(Stored records)
* * *
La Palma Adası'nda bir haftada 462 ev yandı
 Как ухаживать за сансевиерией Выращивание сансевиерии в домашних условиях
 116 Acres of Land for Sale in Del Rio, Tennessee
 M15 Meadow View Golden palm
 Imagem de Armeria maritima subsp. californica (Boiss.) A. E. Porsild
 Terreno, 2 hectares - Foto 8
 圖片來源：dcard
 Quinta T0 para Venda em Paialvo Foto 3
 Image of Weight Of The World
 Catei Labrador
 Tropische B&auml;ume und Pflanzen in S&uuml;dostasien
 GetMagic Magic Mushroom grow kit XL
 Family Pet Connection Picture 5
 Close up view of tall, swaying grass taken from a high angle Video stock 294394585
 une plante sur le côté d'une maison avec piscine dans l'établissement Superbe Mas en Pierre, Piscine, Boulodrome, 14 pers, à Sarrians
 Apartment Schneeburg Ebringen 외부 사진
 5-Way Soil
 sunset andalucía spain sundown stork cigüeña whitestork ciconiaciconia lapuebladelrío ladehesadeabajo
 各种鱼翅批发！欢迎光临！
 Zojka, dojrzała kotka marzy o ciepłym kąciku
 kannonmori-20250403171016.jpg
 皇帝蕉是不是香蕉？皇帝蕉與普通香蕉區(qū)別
* * *
# [YOUR TASK]
From the entries, copy every line in which the word "Foto" occurs.

# [OUTPUT FOR THIS EXERCISE]
 Terreno, 2 hectares - Foto 8
 Quinta T0 para Venda em Paialvo Foto 3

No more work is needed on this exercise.